* [INPUT]:
Content starts
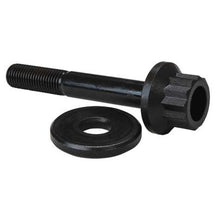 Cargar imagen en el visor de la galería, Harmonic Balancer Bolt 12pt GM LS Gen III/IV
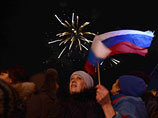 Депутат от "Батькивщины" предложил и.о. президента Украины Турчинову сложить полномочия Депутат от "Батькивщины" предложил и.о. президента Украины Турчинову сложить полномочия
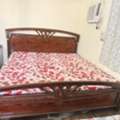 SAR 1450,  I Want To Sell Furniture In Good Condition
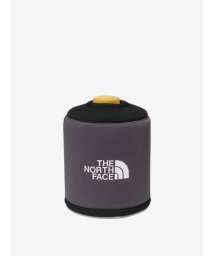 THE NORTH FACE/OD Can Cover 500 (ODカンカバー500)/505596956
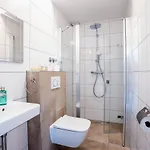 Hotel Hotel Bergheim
Content ends
Content starts
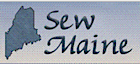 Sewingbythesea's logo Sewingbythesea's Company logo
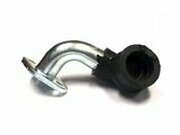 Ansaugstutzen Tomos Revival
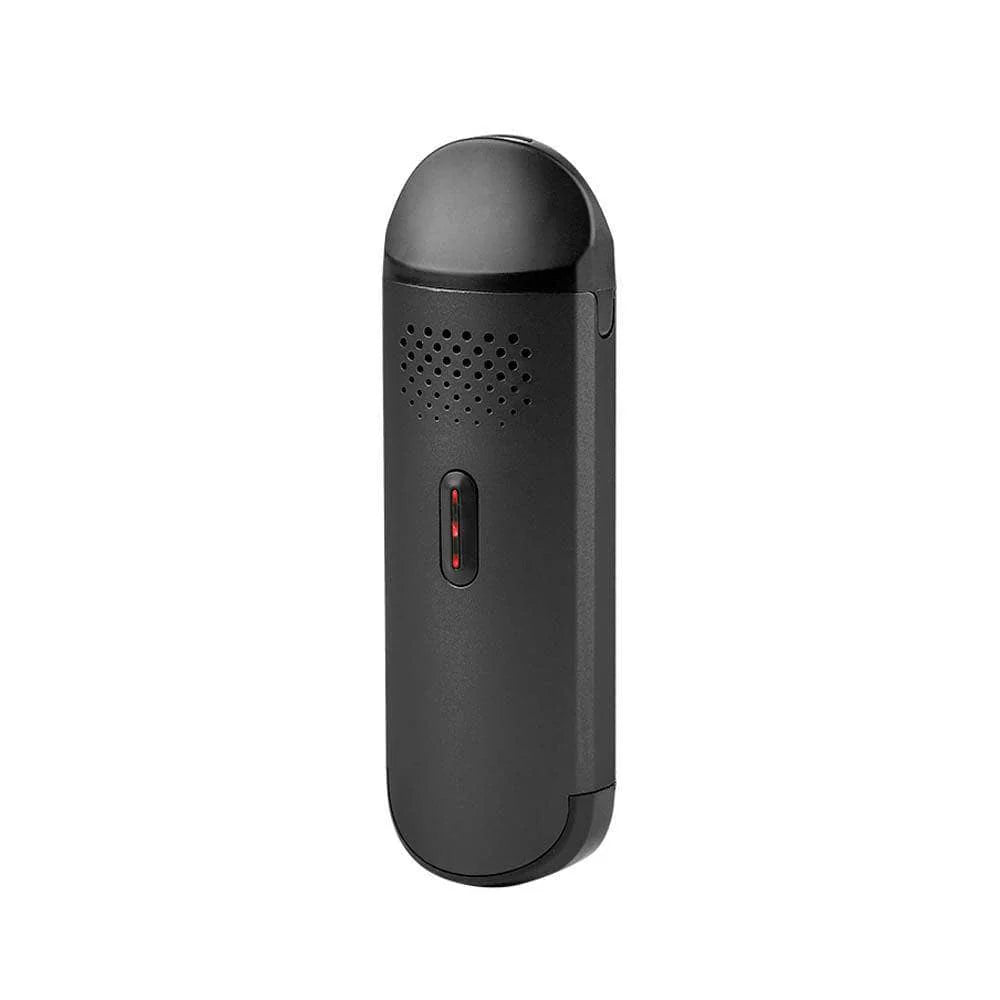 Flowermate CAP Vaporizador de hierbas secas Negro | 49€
Content ends
* [EXERCISE DIRECTIONS]: In the entries above, find the line containing "сложить полномочия Депутат" and the line containing "Hotel Hotel Bergheim", then copy both and every line between them exactly, without any picture.

* [ANSWER FOR THIS EXERCISE]:
 Депутат от "Батькивщины" предложил и.о. президента Украины Турчинову сложить полномочия Депутат от "Батькивщины" предложил и.о. президента Украины Турчинову сложить полномочия
 SAR 1450,  I Want To Sell Furniture In Good Condition
 THE NORTH FACE/OD Can Cover 500 (ODカンカバー500)/505596956
 Hotel Hotel Bergheim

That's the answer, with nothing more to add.